Well, decided to spend the afternoon on the river, so we launched the boat mid afternoon. I went to one area and the gars were jumping and splashing everywhere... well, I thought it would be fun to fight one, so I floated a shiner out... a couple hits, but no takers ... then WOW.... fight on. I fought for a few minutes, and when the fish got to the boat, SUPRISE... Striped Bass.... and a nice one... then we finally netted him.... weighed right at 10 lbs. Fished a little more, caught some shellcracker and bream... A nice day. Biggest bass I've ever caught.
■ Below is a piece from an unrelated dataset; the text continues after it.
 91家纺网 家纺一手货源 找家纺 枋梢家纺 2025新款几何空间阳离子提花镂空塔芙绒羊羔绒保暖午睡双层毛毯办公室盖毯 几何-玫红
Here are a pic of the Bass and the best Shellcracker.


----------



## Ultralite (Oct 1, 2007)

very nice ryan! good striper and all are good eats...thanks for the report and pics...


----------



## thebassinator (Jun 14, 2010)

what kind of gars do yall see on the peridido river? are they the huge alligator gars? or longnose gars?


----------



## CatHunter (Dec 31, 2008)

mostly just long-nose gar, but there are a few gotor gar in there, but i did not no there where stripers in there


----------



## phishermansdead (Jan 15, 2010)

....free-linin' shiners....striper killer...especially in rivers... Great on bobbers or planer boards too.... Anyone know more about their seasonal patterns here??


----------



## CatHunter (Dec 31, 2008)

there really isnt one its always kinda hitt and miss, some times u catch them some times u dont


----------



## phishermansdead (Jan 15, 2010)

CatHunter said:


> there really isnt one its always kinda hitt and miss, some times u catch them some times u dont


...naturally found strippers would generally only be up river during the spring spawn, other wise they are a salty....however, they are stocked through out the southeast in cool water rivers and deeper impoundments....they don't reproduce tho...


----------